Background Essay: Deep Time
To understand evolution, humans must think in units of time much larger than those we use to define our lives. After all, evolutionary change occurs too slowly to be measured in days, months, or years. Instead, it's documented in layers upon layers of rock deposited over the course of 4.6 billion years.
The earth has been significantly altered during this time by climate swings, volcanism, drifting continents, and other "earth shattering" events. These dynamic conditions, in turn, have influenced every living thing that has inhabited the planet. Because of this, biology alone cannot fully explain the evolution of life on our planet. It's necessary to include the physical sciences -- geology, chemistry, and physics -- in order to understand the conditions in which life arose and evolved.
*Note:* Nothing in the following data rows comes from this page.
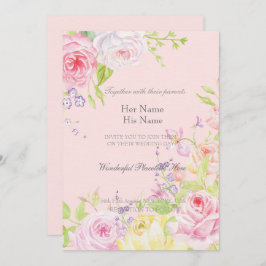 Roze Romantische Waterverf Rozen bruiloft Kaart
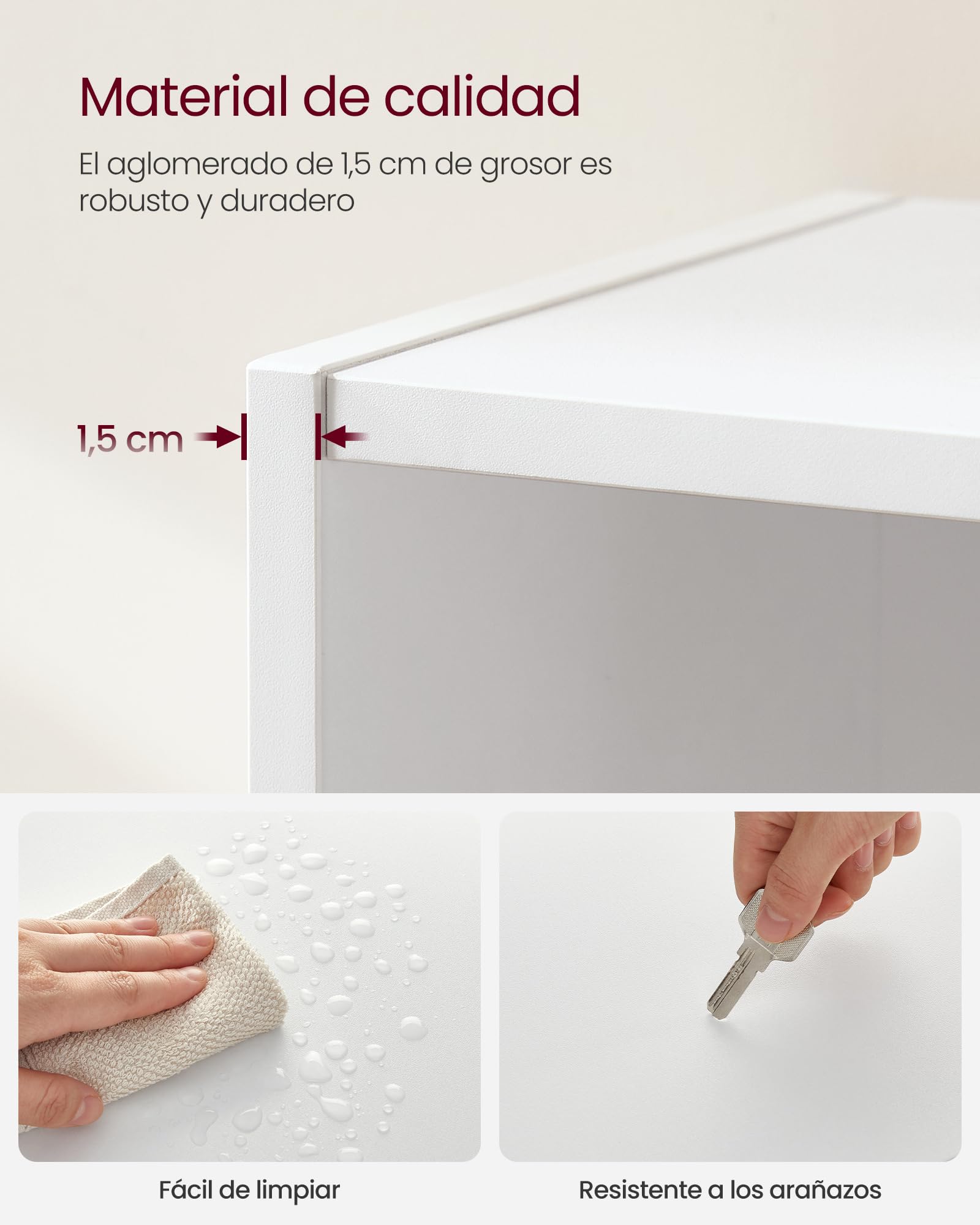 VASAGLE Custos Colección - Librería de 6 Niveles, Estantería de Libros, Organizador con Compartimentos, Estantes Abiertos y Ajustables, para Sala de Estar, Oficina, Dormitorio, Blanco Nube LBC166T14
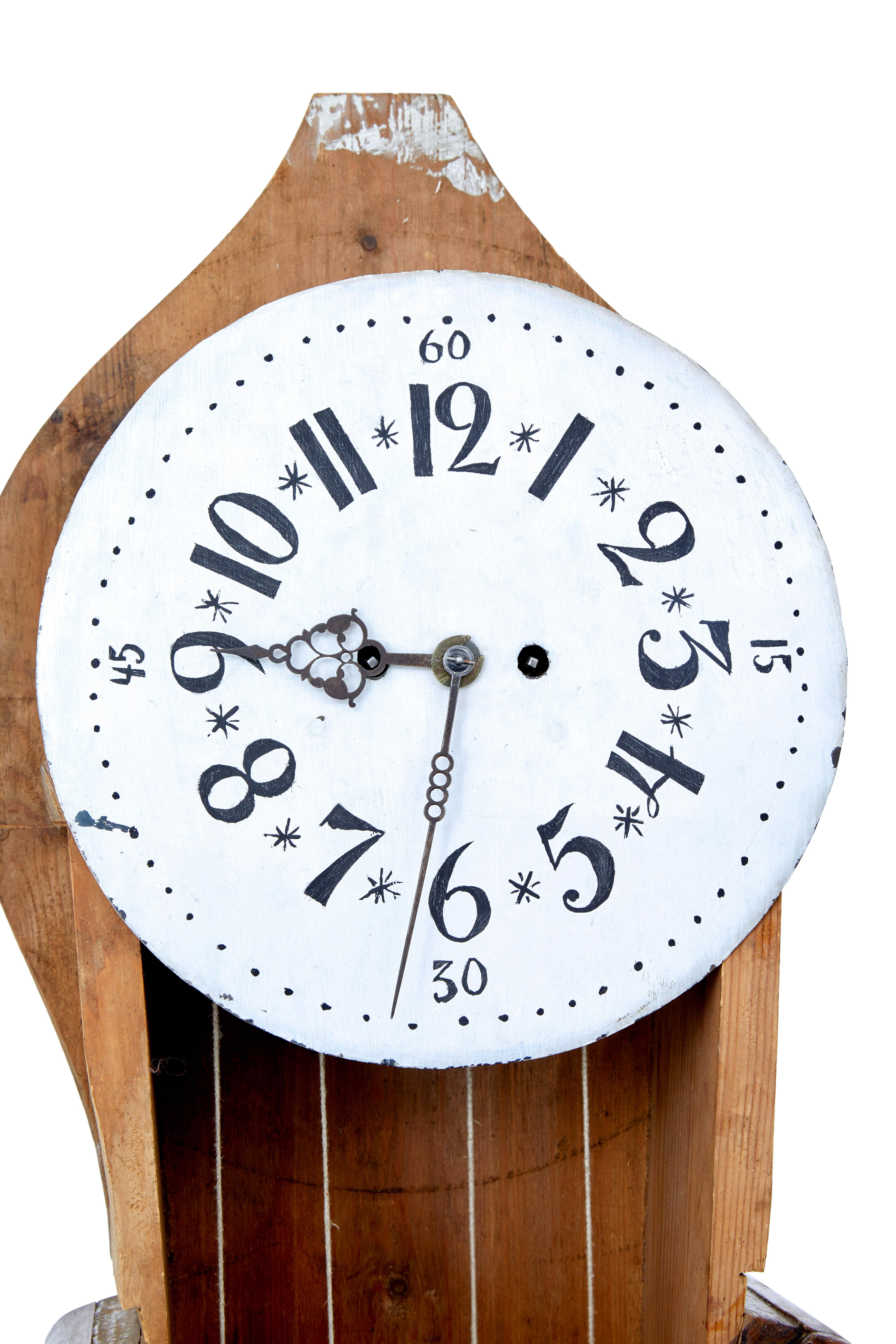 19th century Swedish birch long case mora clock For Sale 1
The story of life is told primarily by its victims. Scientists say that only one in a thousand species that have ever lived survives today. The other 99.9 percent are extinct, gone forever. With few exceptions, the lifespan of individual species is short by geological standards, on average between 2 and 10 million years. No matter how well adapted a creature is to its environment, history has shown that even the most dominant can be wiped away. Ironically, extinction is a springboard to other life. Even in the most catastrophic of events, species survive and continue to evolve, often filling niches left by the victims.
Extinction is by and large a natural process in which species, groups, and even whole families of organisms disappear. Background extinctions, which are ongoing throughout the history of life, eliminate one family every million years or so. The more destructive and relatively sudden kind of extinction -- the mass extinction event -- is caused by environmental influences and has a global impact on diversity. All extinctions identified in this timeline are mass extinction events.
The geologic time scale we use to study the history of the earth and of it life forms is commonly referred to as "deep time," and it's a concept perhaps as difficult to conceive as deep space. Can humans measure deep time? Yes. Will we ever truly comprehend such immensity of time? Probably not. But to develop a better understanding of evolutionary change in its proper historical context, we must try. This timeline provides a framework for doing so.